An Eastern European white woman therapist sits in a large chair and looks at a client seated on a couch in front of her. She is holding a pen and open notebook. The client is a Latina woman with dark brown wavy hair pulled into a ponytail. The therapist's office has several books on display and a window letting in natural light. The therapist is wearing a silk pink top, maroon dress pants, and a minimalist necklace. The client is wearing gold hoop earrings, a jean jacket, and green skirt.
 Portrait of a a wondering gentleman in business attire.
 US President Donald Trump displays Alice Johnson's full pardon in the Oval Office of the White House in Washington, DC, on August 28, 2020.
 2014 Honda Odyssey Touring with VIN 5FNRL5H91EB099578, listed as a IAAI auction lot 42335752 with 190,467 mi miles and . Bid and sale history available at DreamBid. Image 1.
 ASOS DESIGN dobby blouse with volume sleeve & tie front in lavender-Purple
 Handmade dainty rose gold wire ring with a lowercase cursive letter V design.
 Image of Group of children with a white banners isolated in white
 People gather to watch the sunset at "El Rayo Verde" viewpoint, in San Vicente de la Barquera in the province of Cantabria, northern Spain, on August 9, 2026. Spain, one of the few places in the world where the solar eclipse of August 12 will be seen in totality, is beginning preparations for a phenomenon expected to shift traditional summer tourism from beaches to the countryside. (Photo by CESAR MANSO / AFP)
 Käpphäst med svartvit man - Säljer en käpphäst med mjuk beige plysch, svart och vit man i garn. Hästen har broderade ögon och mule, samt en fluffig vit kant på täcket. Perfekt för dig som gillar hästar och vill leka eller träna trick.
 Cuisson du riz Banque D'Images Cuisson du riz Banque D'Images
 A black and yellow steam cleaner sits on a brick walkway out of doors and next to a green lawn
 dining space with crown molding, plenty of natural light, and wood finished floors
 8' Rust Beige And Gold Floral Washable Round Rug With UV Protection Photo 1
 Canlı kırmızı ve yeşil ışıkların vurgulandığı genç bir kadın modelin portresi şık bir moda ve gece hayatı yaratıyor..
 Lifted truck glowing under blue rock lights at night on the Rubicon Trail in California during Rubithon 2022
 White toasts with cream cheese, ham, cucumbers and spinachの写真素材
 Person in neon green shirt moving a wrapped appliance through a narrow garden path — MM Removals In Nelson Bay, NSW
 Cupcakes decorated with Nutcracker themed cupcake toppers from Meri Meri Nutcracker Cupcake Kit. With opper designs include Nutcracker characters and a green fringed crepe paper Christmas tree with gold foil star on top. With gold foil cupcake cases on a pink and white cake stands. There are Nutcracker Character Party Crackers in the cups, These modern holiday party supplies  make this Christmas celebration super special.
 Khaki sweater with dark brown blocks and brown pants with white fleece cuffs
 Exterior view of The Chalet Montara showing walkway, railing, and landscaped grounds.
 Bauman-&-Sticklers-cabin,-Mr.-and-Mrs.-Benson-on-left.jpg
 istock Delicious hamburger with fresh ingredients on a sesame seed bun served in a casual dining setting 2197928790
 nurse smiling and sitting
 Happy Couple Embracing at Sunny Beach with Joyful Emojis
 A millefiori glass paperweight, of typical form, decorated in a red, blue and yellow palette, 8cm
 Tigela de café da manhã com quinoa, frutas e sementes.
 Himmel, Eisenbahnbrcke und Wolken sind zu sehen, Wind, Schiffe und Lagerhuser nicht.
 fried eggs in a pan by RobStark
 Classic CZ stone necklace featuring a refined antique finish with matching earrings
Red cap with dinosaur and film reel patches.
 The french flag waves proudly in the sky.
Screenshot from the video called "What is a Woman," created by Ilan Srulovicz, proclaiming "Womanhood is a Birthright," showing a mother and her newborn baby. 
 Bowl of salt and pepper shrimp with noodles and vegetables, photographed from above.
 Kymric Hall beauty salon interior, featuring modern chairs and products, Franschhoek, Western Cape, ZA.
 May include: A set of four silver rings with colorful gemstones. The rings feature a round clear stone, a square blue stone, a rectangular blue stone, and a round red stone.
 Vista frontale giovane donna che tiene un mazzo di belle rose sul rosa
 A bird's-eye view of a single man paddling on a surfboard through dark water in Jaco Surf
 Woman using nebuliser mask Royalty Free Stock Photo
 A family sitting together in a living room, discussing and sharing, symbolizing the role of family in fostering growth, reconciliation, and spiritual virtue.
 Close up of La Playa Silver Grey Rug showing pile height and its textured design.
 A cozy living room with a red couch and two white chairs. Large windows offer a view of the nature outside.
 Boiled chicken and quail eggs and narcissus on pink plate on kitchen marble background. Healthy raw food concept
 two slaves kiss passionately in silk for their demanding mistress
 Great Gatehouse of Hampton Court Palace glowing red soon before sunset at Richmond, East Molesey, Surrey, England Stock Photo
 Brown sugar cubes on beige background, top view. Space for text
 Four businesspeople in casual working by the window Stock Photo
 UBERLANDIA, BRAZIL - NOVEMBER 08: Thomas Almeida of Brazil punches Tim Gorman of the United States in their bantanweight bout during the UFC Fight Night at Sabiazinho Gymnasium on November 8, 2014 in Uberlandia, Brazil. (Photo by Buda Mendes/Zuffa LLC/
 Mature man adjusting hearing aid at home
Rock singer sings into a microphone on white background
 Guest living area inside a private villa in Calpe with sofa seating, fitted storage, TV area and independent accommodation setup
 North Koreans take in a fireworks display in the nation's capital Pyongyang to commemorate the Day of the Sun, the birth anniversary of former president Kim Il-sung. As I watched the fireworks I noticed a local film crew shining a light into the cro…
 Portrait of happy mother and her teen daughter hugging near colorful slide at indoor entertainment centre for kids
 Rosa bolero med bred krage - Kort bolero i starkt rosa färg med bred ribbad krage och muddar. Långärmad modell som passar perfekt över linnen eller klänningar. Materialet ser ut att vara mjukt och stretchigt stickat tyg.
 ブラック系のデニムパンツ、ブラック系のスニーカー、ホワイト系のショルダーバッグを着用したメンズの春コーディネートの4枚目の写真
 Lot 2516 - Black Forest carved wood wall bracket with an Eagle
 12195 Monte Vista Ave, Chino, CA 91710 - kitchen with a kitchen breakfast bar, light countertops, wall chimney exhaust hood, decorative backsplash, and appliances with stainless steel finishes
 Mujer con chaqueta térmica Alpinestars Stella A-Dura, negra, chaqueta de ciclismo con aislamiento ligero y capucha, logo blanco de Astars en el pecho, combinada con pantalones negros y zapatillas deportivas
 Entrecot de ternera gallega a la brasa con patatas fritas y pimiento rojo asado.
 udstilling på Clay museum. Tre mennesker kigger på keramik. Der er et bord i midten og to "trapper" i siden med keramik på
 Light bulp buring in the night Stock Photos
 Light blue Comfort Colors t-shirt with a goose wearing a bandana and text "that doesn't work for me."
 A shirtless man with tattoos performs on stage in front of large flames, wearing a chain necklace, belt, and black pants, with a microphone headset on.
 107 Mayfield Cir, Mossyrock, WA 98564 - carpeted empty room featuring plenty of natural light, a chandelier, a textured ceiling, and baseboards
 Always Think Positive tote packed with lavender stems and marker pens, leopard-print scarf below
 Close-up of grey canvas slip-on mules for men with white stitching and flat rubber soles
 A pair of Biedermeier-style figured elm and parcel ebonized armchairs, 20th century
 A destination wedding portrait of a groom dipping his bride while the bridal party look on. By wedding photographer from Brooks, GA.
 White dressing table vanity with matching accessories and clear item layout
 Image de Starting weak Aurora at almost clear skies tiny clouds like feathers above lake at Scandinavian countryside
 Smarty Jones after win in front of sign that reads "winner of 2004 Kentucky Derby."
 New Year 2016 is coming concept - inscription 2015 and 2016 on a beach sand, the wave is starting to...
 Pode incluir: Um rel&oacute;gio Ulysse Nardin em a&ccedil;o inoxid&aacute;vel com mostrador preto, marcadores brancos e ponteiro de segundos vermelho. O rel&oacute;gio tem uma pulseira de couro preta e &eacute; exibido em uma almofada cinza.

EXERCISE BRIEF »
Beginning at the line with "two slaves kiss" and stopping after the line with "Brown sugar cubes", please write out every line of the data above exactly and nothing else.

TASK SOLUTION »
 two slaves kiss passionately in silk for their demanding mistress
 Great Gatehouse of Hampton Court Palace glowing red soon before sunset at Richmond, East Molesey, Surrey, England Stock Photo
 Brown sugar cubes on beige background, top view. Space for text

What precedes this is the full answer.